A clear understanding of your driving needs gives you the opportunity to meet
them in whatever situation you find yourself in. Additionally, it gives you
the flexibility to change your profession if circumstances dictate without
sacrificing your happiness.

------
j_baker
At the same time, I'd prefer our generation to be raised to follow our passion
to what the previous generation was taught: get a 9 to 5 job where you'll be
miserable but make a ton of money and live a nice, safe, and boring life with
your 2.5 children.

------
msb
I hardly think that because one friends passion turned into a career that
wasn't recession proof constitutes enough evidence to say we should give up on
following our dreams. I know plenty of people who pursued the 'big problem'
and have had successful careers, yet remain unfulfilled because they don't
have a passion for their work.

I like the idea of finding the problems to solve, but I don't think this has
to mean we leave our true passions behind. Life is short, pursue your passion.
When you hit a wall use the knowledge and experience you have gained to solve
problems within the field you are passionate about.

------
akeck
If Oliver wants to understand happiness, I think he should consider why his
friend was extremely happy during her PhD. That she was unhappy later when she
couldn't find work does not make her a counter example to following one's
passion. When your needs aren't met, you can get unhappy. In my experience,
happiness comes from your relationship to the present. Follow your passion or
work on a "big problem" or work everyday at a job. All can make you happy or
unhappy. Being happy lies in how you live your experiences while following
your passion or working on a big problem or doing whatever it is that you do.
How do you react to trouble? How do you handle success and praise? How do you
go about doing what you do? Do you help people? Do you compete? Are you
satisfying your basic needs? From what I can tell, barring the effects of
illnesses like depression, happiness lies in how you choose to go about your
life and how you handle its ups and downs. Unfortunately, I haven't yet
figured out the nuances of the above questions and others like them, so I
don't know which answers result in happiness, but that's life, I guess. Some
random things I've read on the topic: <http://goo.gl/xxvkl>
<http://goo.gl/fKYlM>

------
shad0wfax
The premise of the author is the separation of economical benefits from what
you are passionate about.
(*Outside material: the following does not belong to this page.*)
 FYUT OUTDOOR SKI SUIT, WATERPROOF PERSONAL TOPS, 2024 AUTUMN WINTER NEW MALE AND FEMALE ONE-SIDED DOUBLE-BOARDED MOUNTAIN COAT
Sure, if you are making money (more than just making
ends meet) by doing what you love, you can have your cake and eat it too.
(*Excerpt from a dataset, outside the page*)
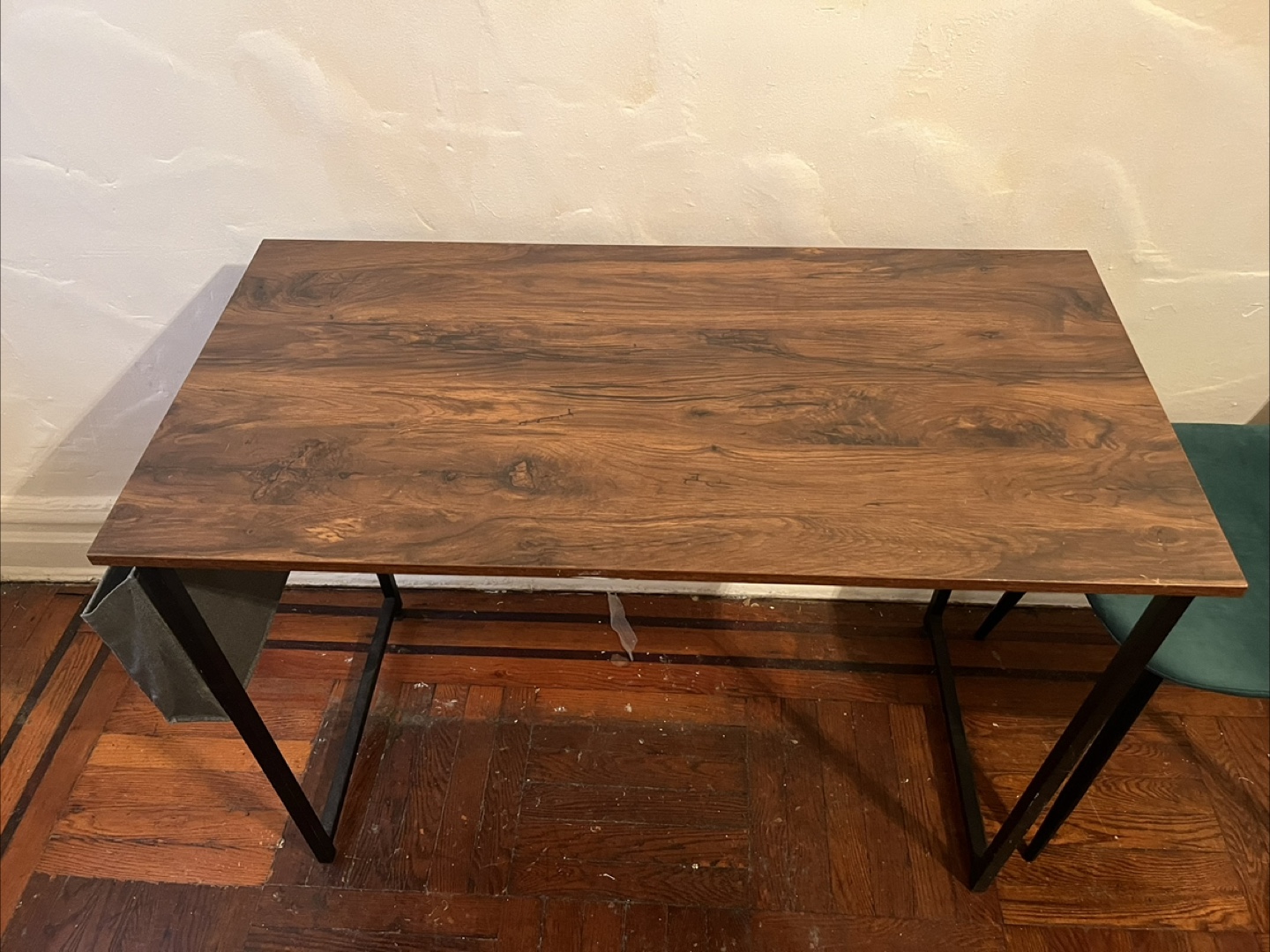 Modern Writing Desk with Black Metal Frame - photo 2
The simple truth is do you want to enjoy the journey following your passion,
knowing very well there is a slim* chance of financial success or do you want
to find a comfort zone and derive "borrowed" happiness. The borrowed happiness
is from all materialistic things, safety, comfort, peace etc.. that you can
afford/buy.

-*I am sure there are people who have passions that also have tangible financial success guaranteed. Good for them!

------
krigath
"It's about what you can do and how you can be a valuable contributor."
Certainly.

"Look into problems that affect you in a very personal way." This sounds very
much like things you are likely to be passionate about, and the title is
therefore quite misleading.

------
yason
Passion is a fire that is in your heart and that will forever try to get you
do something you must do. Passion makes you alive—otherwise you'll spend
decades withering away. Passion is never an idea, it's always something that
you actually do. Passion is orthogonal to happiness, happiness may or may not
come with or without passion.

Interestingly, _From The Collaborative International Dictionary of English
v.0.48 [gcide]:_

    
    
      Passion \Pas"sion\, v. i.
         To suffer pain or sorrow; to experience a passion; to be
         extremely agitated. [Obs.] "Dumbly she passions, frantically
         she doteth." --Shak.
         [1913 Webster]

------
olaf
Just a coincidence, yesterday on Twitter: "If you want to be happy, practice
compassion." ~Dalai Lama

------
loceng
Get happiness from the people you find who support you with your passion.